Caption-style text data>
───
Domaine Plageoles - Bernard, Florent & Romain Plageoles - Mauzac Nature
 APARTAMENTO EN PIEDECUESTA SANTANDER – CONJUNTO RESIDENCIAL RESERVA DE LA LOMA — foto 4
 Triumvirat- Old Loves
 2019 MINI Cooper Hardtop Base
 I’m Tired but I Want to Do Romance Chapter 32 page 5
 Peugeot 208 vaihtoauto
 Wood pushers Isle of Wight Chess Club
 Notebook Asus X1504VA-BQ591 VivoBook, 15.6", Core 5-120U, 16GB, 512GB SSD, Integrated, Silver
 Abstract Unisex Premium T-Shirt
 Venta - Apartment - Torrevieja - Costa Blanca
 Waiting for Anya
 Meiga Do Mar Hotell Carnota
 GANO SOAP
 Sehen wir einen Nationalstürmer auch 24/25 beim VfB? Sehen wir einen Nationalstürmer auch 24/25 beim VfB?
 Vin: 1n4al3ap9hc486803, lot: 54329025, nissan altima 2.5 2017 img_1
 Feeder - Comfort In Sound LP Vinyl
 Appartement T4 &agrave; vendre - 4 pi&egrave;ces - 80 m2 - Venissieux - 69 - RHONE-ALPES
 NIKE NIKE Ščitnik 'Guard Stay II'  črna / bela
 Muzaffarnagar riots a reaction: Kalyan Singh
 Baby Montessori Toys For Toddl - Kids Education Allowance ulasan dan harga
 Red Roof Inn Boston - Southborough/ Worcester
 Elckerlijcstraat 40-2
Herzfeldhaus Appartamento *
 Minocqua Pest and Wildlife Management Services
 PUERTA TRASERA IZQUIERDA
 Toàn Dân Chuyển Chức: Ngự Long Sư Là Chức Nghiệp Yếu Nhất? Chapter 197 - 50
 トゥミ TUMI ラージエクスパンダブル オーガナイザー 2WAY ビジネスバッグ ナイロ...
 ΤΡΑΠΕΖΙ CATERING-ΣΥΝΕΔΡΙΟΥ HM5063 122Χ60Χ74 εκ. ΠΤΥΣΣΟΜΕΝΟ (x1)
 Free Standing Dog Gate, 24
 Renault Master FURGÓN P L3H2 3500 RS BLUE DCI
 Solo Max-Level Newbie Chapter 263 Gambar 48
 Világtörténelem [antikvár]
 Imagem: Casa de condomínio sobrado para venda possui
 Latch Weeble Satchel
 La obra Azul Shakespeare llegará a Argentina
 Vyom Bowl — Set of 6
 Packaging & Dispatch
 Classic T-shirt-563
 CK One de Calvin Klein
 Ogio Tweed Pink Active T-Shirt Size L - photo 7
───
TASK DESCRIPTION> If a line in the data above holds the string "Chapter", report that line.

TASK ANSWER>
 I’m Tired but I Want to Do Romance Chapter 32 page 5
 Toàn Dân Chuyển Chức: Ngự Long Sư Là Chức Nghiệp Yếu Nhất? Chapter 197 - 50
 Solo Max-Level Newbie Chapter 263 Gambar 48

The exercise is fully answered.